PROBLEM STATEMENT. Report how many lines of the data contain the string "with". Add nothing.

Short text fragments from websites:
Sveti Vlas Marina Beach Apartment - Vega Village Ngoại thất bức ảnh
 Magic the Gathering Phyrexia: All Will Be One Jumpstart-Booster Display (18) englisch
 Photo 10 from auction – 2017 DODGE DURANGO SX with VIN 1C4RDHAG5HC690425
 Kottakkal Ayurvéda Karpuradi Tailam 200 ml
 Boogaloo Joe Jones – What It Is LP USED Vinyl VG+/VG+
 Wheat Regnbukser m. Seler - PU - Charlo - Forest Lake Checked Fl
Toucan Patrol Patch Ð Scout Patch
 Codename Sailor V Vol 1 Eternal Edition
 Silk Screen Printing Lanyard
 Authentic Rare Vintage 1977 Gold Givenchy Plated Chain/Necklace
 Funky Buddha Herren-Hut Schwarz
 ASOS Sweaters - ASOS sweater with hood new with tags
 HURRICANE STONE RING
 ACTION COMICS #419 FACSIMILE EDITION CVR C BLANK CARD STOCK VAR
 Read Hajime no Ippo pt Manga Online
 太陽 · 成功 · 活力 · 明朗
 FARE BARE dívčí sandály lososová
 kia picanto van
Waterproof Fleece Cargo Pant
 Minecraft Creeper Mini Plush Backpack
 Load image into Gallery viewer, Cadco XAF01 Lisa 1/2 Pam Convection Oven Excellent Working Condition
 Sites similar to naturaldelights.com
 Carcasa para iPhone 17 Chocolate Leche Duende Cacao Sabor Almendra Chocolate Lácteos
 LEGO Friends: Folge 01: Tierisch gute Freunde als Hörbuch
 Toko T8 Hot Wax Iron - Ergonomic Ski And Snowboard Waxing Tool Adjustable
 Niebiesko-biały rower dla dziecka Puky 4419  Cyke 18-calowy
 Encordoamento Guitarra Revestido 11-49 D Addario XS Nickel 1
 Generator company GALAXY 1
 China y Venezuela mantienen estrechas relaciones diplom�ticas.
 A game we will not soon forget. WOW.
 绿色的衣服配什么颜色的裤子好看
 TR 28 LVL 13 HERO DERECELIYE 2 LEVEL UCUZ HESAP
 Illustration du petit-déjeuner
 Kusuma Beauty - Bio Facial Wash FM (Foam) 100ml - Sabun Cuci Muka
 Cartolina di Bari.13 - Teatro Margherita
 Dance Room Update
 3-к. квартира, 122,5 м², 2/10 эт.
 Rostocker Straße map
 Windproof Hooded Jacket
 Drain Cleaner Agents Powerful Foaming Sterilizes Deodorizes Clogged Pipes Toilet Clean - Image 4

WRITTEN RESPONSE. 2